Puntland umfasst etwa ein Drittel der Landfläche Somalias, grenzt im Westen an Somaliland, im Südwesten an Äthiopien und im Süden an die somalische Region Galmudug. Im Norden liegt der Golf von Aden und im Südosten der Indische Ozean. Nach der Verwaltungsgliederung Somalias umfasst es die Regionen Nord-Mudug, Nugaal und Bari mit dem „Horn von Afrika“. Die Zugehörigkeit von Teilen der Regionen Sool und Sanaag ist zwischen Puntland und Somaliland umstritten.
Die Autonomie Puntlands geht hauptsächlich auf die Rebellenorganisation Somalische Demokratische Erlösungsfront SSDF des Majerteen-Clans zurück. Diese hatte seit 1982 in Nordost-Somalia gegen die autoritäre somalische Regierung unter Siad Barre gekämpft und seit 1988 die Kontrolle über die Region übernommen.

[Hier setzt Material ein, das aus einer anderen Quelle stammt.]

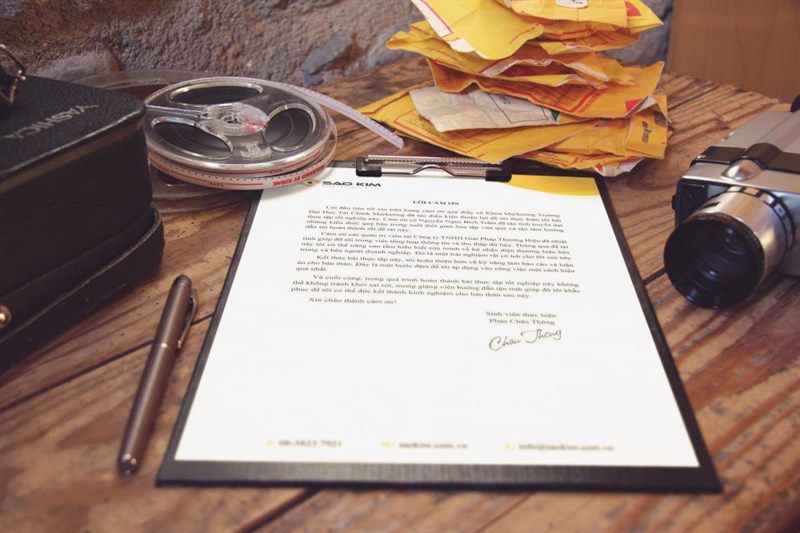 Documentos y gestión administrativa sobre escritorio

1998 organisierte die SSDF eine Versammlung von Clan-Vertretern in Garoowe, auf der man sich auf die Schaffung einer autonomen Regionalverwaltung einigte. Vorbild dafür war nicht zuletzt Somaliland, das seit 1991 faktisch von Somalia unabhängig ist und ein relativ stabiles demokratisches System errichtet hat. Im Unterschied zu Somaliland beabsichtigte SSDF-Führer und Präsident Puntlands Abdullahi Yusuf Ahmed jedoch keine dauerhafte Unabhängigkeit, sondern Versöhnung und den Wiederaufbau von Somalia.
Als es in Puntland wegen geforderter Neuwahlen 2001 zur Konfrontation zwischen Präsident Yusuf und dem Parlament des selbsterklärten Staates kam, ersetzte letzteres Yusuf am 14. November 2001 durch dessen schärfsten innenpolitischen Gegner, Jama Ali Jama aus Boosaaso (in Nord-Puntland). Hinter diesem Machtkampf stand die 2000 gebildete Übergangsregierung Somalias, die einen Zweifrontenkrieg gegen ein Bündnis der Puntland-Separatisten mit oppositionellen Warlords in Südwestsomalia verhindern wollte. Nur eine Woche später kehrte Yusuf, der sich zunächst nach Gaalkacyo in Süd-Puntland zurückgezogen hatte, an der Spitze loyaler Truppen in die Hauptstadt Garoowe zurück und erklärte sich zum Gegen-Präsidenten.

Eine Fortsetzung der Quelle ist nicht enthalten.